Optimum isotherm by linear and nonlinear regression methods for lead (II) ions adsorption from aqueous solutions using synthesized coconut shell–activated carbon (SCSAC)

Abstract

Batch experiment was carried out to determine the optimum isotherm suitable to model the adsorption of Pb(II) ions onto synthesized coconut shell–activated carbon (SCSAC). In order to estimate the equilibrium parameters, the equilibrium adsorption data were analyzed using the following two-parameter isotherms: Langmuir, Freundlich, Temkin and Harkins–Jura by applying linear and nonlinear regression methods. In addition, seven linearized isotherm models (including four linearized Langmuir models) and four nonlinear isotherm models were discussed in this study.
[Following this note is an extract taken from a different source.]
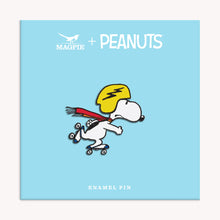 Load image into Gallery viewer, Peanuts Lifestyle Enamel Pin - Roller Derby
The specific surface areas of both nonsynthesized CSAC and synthesized SCSAC-activated carbon were estimated by Sears Method to be 650 m2g−1 and 768 m2g−1, respectively. Likewise other properties like bulk density, particle density, porosity, ash content, Scanning Electron Micrographs (SEM) analysis and Fourier Transform Infrared (FTIR) spectroscopy were also estimated. The error functions which includes the Sum of the Squares of the Errors (SSE), root mean square error (RMSE), Average relative error (ARE), Chi-square (X2), Marquardt’s Percent Standard Deviation (MPSD) and the correlation coefficient (R2) between the calculated and experimental data were also used to compare the suitability of different linearized and nonlinearized model parameters. In conclusion, Freundlich nonlinear isotherm was found to be in better agreement with optimum parameters having generated the maximum adsorption capacity Kf (110.10 Lmg−1), highest coefficient of determination R2 (0.9847) and lowest error functions. Hence, nonlinear isotherms of Freundlich and Harkin–Jura exibited greater performance than linear counterparts in the following order: Freundlich (nonlinear) > Harkin–Jura (nonlinear) > Freundlich (linear) > Harkins–Jura (linear) > Temkin (linear) > Temkin (nonlinear) isotherm models. This shows that transformation of nonlinear isotherm equations to linear forms implicitly alter their error structure.